The first book in the series, Daughters of Darkness: The Mara Witch for Basic Era Games is written is designed for use with Goblinoid Games’ Labyrinth Lord and presents the Witch as dedicated to the Mara Tradition, that of the Dark Mother—Lilith, the First Woman, the First Witch, and the Mother of Demons. The next book in the series is The Children of the Gods: The Classical Witch for Basic Era Games and its approach to the witch—whilst starting from the same base—is broader and gives more options, is less focused on ‘Evil’ or Chaotic witches, as well as being written for a different roleplaying game. Specifically, it focuses upon the Classical traditions of Egypt, Greece, Phoenicia, Rome, and Sumeria, and it is written for use with Dreamscape Design’s Blueholme Rules, the retroclone based on the 1977 Dungeons & Dragons Basic Set designed by J. Eric Holmes.

The Children of the Gods: The Classical Witch for Basic Era Games starts by presenting the same version of the Witch Class as in Daughters of Darkness: The Mara Witch for Basic Era Games, but what this means is that from one book to the next, this Class is going to serve as a template for the rest of the other supplements devoted to the Witch from The Other Side. So the Witch is spellcaster capable of casting Witch spells and Witch rituals—a mixture of arcane and divine spells, has Occult Powers including herbal healing, many are reluctant to cast ‘black’ or evil magic, many are of Lawful Alignment, and have answered the Call of their Goddess (or other patron). 

So far, so good, but where The Children of the Gods: The Classical Witch for Basic Era Games begins to get interesting is in the number of options it gives beyond this.
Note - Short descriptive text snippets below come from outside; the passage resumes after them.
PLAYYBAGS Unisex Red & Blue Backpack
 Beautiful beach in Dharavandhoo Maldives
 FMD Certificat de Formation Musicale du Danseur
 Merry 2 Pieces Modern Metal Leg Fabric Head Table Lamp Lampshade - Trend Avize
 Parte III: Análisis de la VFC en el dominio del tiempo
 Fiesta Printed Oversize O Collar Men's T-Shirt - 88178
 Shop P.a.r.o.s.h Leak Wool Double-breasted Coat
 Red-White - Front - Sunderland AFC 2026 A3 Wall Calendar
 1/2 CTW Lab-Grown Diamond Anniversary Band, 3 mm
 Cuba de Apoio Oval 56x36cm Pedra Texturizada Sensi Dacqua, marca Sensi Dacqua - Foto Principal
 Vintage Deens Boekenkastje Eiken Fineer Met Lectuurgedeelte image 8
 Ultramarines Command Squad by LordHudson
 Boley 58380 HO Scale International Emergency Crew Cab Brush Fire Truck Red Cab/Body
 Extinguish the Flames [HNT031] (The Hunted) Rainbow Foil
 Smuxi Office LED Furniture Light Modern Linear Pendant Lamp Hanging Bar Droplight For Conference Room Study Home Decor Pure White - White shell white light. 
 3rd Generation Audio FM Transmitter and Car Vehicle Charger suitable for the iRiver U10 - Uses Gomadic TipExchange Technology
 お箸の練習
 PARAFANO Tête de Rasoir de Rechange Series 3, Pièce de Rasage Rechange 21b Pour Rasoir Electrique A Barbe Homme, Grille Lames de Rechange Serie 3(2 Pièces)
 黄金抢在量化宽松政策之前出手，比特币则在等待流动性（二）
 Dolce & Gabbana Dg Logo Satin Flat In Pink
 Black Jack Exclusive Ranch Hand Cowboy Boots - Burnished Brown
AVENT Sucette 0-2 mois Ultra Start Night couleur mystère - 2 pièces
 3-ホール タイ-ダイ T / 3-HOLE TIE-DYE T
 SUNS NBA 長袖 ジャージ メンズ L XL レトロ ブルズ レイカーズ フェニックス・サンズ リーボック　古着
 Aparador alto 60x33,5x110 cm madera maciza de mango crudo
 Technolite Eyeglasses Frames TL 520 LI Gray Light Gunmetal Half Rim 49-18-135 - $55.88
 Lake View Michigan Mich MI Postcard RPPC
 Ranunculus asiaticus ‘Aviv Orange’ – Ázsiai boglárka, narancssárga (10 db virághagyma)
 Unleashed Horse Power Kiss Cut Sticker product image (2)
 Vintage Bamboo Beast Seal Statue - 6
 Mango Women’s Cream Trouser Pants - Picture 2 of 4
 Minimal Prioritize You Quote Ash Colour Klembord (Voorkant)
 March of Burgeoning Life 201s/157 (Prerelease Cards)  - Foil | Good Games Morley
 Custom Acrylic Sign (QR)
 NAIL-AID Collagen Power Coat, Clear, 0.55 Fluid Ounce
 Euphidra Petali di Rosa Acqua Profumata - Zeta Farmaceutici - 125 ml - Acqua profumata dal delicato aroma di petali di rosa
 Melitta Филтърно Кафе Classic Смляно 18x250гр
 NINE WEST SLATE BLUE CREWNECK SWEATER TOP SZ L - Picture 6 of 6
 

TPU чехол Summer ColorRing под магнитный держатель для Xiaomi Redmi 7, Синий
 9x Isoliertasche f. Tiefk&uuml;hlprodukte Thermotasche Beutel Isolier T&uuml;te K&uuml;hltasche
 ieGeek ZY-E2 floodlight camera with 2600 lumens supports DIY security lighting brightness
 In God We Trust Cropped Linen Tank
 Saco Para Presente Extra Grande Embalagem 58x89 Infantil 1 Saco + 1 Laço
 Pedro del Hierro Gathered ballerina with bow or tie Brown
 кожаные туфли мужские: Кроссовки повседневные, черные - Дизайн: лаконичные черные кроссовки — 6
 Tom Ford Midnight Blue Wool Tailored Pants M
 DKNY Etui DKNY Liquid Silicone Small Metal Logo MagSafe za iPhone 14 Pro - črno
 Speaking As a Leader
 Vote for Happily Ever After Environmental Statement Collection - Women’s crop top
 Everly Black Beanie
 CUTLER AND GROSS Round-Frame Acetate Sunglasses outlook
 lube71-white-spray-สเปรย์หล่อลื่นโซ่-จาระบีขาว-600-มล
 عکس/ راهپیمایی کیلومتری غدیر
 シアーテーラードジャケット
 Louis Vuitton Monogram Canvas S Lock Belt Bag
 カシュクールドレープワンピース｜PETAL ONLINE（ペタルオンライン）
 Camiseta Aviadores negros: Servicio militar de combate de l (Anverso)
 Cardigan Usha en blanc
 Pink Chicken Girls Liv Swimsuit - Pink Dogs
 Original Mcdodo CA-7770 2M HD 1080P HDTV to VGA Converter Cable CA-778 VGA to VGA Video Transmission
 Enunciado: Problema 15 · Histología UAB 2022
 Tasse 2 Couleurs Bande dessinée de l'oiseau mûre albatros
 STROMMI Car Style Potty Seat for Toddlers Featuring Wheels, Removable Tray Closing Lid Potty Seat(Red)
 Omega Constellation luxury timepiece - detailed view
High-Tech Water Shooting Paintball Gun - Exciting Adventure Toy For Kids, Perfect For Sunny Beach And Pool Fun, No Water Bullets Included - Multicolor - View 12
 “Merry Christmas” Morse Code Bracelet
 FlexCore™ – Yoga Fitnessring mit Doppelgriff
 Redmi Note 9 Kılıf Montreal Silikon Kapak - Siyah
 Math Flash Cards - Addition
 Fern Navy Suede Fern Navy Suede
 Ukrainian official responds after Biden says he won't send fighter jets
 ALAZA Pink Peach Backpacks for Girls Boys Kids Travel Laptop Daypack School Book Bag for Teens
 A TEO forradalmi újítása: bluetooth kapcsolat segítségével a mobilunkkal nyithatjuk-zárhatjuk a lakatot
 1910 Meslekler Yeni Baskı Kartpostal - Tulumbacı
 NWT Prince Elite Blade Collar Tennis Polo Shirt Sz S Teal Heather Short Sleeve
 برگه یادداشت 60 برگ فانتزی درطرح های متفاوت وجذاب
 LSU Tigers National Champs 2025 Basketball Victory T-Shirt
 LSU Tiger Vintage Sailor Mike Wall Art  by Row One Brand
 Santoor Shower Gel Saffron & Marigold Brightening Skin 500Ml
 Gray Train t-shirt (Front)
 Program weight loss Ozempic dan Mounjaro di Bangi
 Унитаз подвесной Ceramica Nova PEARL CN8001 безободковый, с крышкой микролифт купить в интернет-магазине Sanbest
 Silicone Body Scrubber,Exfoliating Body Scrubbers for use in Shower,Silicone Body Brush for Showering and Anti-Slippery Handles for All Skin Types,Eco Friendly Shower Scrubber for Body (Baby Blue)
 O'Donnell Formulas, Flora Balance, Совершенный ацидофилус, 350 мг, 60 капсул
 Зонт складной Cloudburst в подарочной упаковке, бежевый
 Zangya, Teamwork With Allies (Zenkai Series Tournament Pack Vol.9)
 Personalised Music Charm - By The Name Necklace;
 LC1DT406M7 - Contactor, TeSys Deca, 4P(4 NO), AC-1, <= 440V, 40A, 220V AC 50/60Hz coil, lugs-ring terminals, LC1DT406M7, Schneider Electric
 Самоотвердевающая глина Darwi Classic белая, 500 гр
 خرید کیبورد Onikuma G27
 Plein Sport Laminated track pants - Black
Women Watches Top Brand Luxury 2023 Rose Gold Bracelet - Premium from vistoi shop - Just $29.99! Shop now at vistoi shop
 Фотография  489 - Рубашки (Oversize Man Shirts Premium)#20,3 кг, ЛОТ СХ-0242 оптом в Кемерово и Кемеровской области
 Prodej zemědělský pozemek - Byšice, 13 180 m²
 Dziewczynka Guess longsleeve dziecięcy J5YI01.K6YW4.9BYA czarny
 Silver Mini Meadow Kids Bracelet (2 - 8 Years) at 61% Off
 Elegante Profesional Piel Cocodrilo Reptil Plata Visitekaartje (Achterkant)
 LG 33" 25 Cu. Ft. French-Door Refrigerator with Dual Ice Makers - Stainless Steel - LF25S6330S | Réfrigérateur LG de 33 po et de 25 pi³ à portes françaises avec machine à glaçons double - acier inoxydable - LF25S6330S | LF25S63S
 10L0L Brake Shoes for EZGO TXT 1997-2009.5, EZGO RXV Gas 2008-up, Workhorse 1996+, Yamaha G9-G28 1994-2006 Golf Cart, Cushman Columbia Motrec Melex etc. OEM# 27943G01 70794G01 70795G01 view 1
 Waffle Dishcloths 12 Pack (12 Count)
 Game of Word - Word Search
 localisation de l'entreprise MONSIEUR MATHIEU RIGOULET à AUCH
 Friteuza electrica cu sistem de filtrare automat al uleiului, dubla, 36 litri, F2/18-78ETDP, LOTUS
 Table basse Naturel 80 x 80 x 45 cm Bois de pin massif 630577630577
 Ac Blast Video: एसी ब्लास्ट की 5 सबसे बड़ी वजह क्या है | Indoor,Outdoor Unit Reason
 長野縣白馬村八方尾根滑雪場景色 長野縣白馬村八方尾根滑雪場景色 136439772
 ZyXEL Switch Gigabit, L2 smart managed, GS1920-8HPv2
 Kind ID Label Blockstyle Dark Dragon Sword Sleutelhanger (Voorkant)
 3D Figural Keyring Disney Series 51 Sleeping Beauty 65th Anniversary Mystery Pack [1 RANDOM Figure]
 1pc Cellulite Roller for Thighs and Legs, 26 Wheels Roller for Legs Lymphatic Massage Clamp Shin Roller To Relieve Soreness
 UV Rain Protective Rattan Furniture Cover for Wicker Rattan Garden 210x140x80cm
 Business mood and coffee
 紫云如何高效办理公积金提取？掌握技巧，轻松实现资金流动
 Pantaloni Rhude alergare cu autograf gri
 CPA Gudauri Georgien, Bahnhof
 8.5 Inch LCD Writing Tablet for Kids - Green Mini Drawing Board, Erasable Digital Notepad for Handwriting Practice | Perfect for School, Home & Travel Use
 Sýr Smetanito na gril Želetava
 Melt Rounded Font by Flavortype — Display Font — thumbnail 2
First in the Combination Classes, so Witch/Cleric, Witch/Fighter, Witch/Magic-User, and Witch/Thief. These are not treated as dual Classes, but Classes of their own with an explanation of how they work in play and in a campaign as well as their own Experience Tables. So the Witch/Fighter often, often known as a Witch Guardian, protects other Witches against persecution and so can use any weapon a Fighter can, whilst the Witch/Thief has no title, though Jugglers often find themselves labelled as Witches and Thieves, but they are typically streetwise and useful when it comes to dealing with the dangers of exploring underground. Next, the supplement looks at the tradition of the Witch amongst non-humans, from Amazons, Bugbears, and Deep Ones to the ape-like Sagath, Troglodytes, and Trolls. Each entry gives some idea as to who or what they worship, so Trolls follow either the Faerie or Winter Witch Tradition, Deep Ones worship the demonic Dagon and his consort, and Medusa worship the daughters of primordial sea god and goddess, Phorcys and Ceto. This section does not just focus on NPC or monstrous Races, but covers how the Witch Tradition is found amongst the Dwarves, Elves, Gnomes, and Halflings in lengthier descriptions. With the latter, the supplement provides solid context for Player Character Witches from those Races, especially together with the Combination Classes, whilst with the former, the Dungeon Master has some background upon which to create some interesting non-human Witch NPCs.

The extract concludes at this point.